Autonomous Material Composite Morphing Wing

TL;DR

This paper introduces a novel autonomous material composite approach for designing bio-inspired morphing wings that achieve high deformation in three degrees of freedom with simplified actuation and integrated sensing.

Contribution

It presents a new paradigm using elastomeric lattices and optical fiber sensors to enable complex, multi-DOF morphing in wings with reduced mechanical complexity.

Findings

Achieved high-deformation morphing in twist, camber, and extension.

Demonstrated aerodynamic performance modifications in wind tunnel tests.

Validated sensor trends for future wing state estimation and control.

Abstract

Aeronautics research has continually sought to achieve the adaptability and morphing performance of avian wings, but in practice, wings of all scales continue to use the same hinged control-surface embodiment.
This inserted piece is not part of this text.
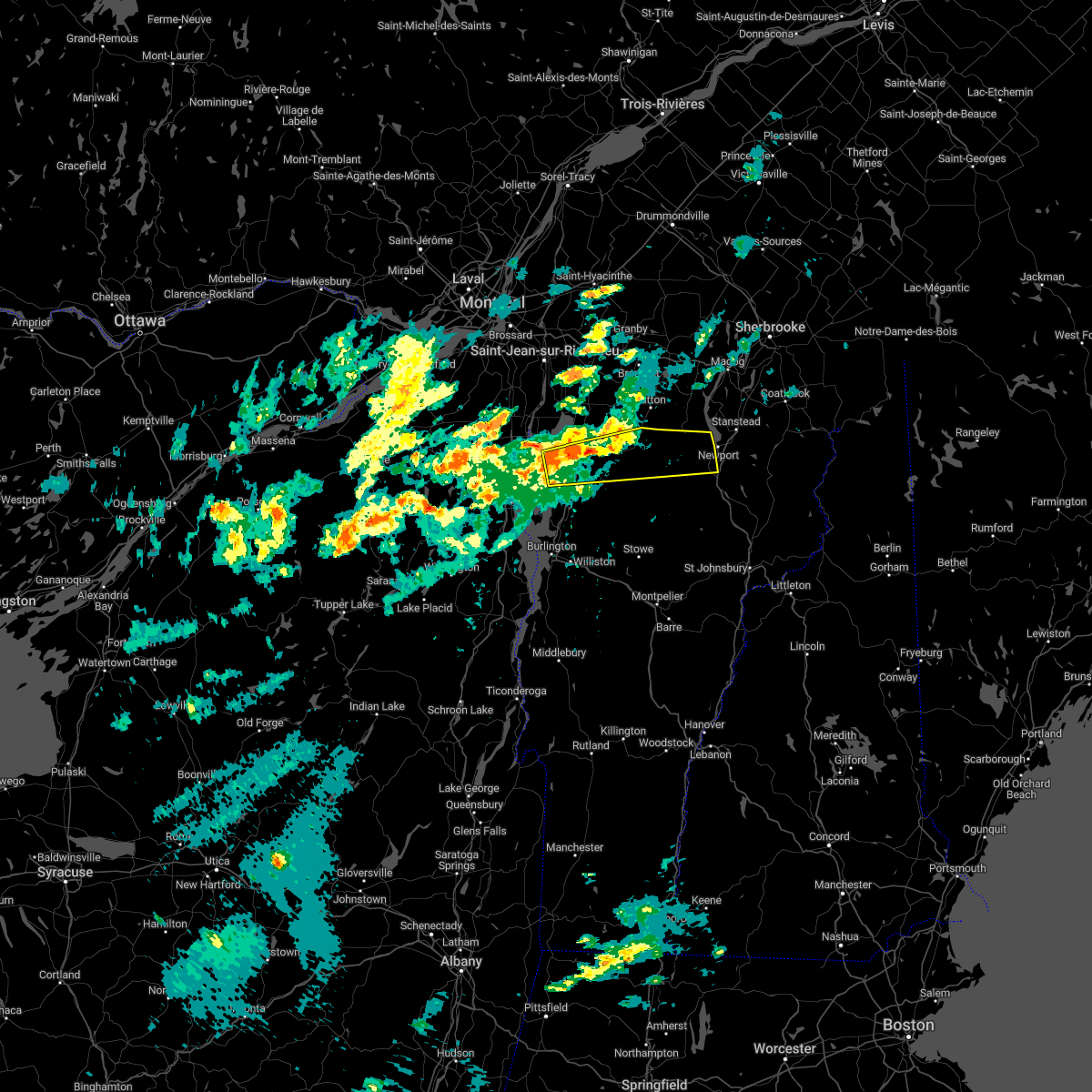 Interactive Hail Maps Hail Map for Richford, VT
Recent research into compliant and bio-inspired mechanisms for morphing wings and control surfaces has indicated promising results, though often these are mechanically complex, or limited in the number of degrees-of-freedom (DOF) they can control. Seeking to improve on these limitations, we apply a new paradigm denoted Autonomous Material Composites to the design of avian-scale morphing wings. With this methodology, we reduce the need for complex actuation and mechanisms, and allow for three-dimensional placement of stretchable fiber optic strain gauges (Optical Lace) throughout the metamaterial structure. This structure centers around elastomeric conformal lattices, and by applying functionally-graded warping and thickening to this lattice, we allow for local tailoring of the compliance properties to fit the desired morphing. As a result, the wing achieves high-deformation morphing in three DOF: twist, camber, and extension/compression, with these morphed shapes effectively modifying the aerodynamic performance of the wing, as demonstrated in low-Reynolds wind tunnel testing. Our sensors also successfully demonstrate differentiable trends across all degrees of morphing, enabling the future state estimation and control of this wing.